Ces données nous invitent à réviser notre approche et à la reconsidérer à partir d’une perspective qui privilégie le long terme et la comparaison entre les deux rives de la Méditerranée. Par-delà la crise que connaissent les pays riverains de la Méditerranée et son impact sur les logiques de recomposition politique et spatiale, les sources documentaires et les travaux d’historiens montrent que les contrées sahariennes, ibériques et maghrébines ont entretenu des contacts très étroits entre le Nord et le Sud. Les traces archéologiques et épigraphiques témoignent de façon précise et incontestable de l’existence de routes et de forteresses militaires romaines au cœur du désert bien avant l’ère chrétienne. La conquête arabe parvint à mettre en exergue la place du Maghreb et de l’Espagne dans les réseaux complexes d’échanges entre le Proche-Orient, la Méditerranée occidentale et le Sahara.

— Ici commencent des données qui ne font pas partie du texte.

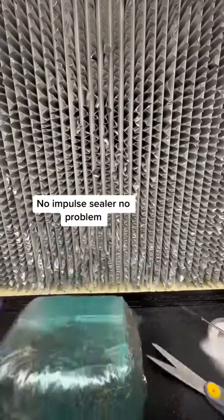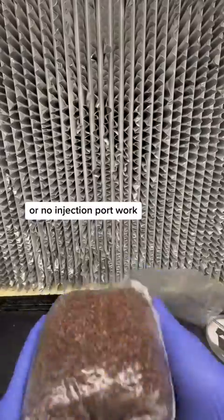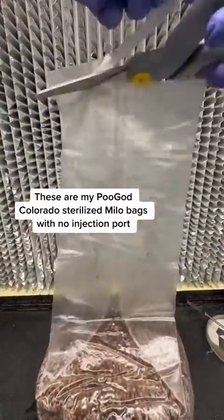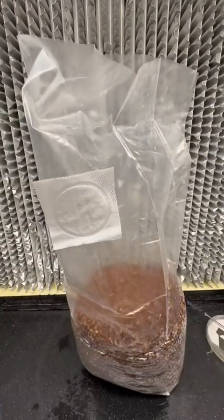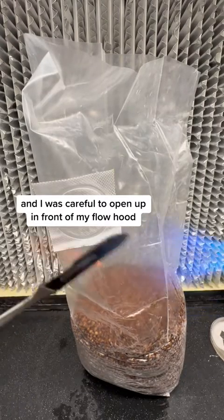No impulse sealer? No problem. Here's a quick zip tie hack to help with any of your agar work or no injection port work. So clean off your bag. These are my Pugod Colorado sterilized Milo bags with no injection port. I cleaned it off really nicely and I was careful to open up in front of my flow hood.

Idéalement situés au cœur des routes caravanières, des ports sahariens comme ceux du Fezzan, Zawîla, Ghadamès, Ouargla, Ghât, Sidjilmâssa, Tahert ou Tozeur connurent durant plusieurs siècles une expansion prodigieuse du commerce au long cours. Ces oasis s’imposèrent jusqu’au début du XXème siècle comme des relais et  des couloirs de migration intense entre Gao, Tombouctou, Takkada, au Sud et les villes de Tlemcen, Constantine, Kairouan, Tripoli, Alexandrie au Nord. 

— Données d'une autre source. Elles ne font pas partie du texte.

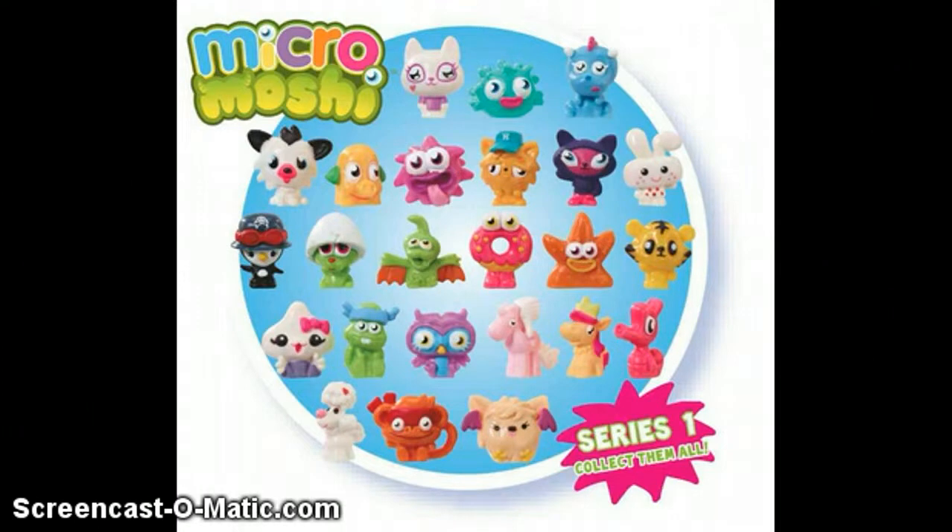Hi guys, and today I'm going to be telling you a bit about the new Moshi Monsters Micro Moshies coming out. I'm not sure on a lot of information about these, but I know they're like half the size figures, and I think they might be squishy — I'm not completely sure, so don't quote me on that.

Très tôt, sous l’impulsion des marchands orientaux, berbères ibâdites et juifs ibériques, l’on assista à un accroissement des trafics, amplifiés par des dispositifs financiers considérables et des systèmes de contrôle méticuleux des terminaux caravaniers et des voies maritimes. Par ailleurs, l’émergence de grands empires soudanais (Ghâna ; Mali entre le VIII- XIV siècle)  et l’occupation arabo-berbère de la Péninsule ibérique contribuèrent à dilater l’espace marchand en dynamisant considérablement les élites africaines. Indiscutablement, durant de longs siècles, or et esclaves étaient l’élément clé d’une accélération des transactions et d’un essor durable des marchés. Outre la poudre d’or et les colonies d’esclaves, les transactions portaient aussi sur le cuivre, le sel, le cuir, le bois, l’ivoire, les étoffes, les verreries, les  écailles et les plumes d’autruches .etc.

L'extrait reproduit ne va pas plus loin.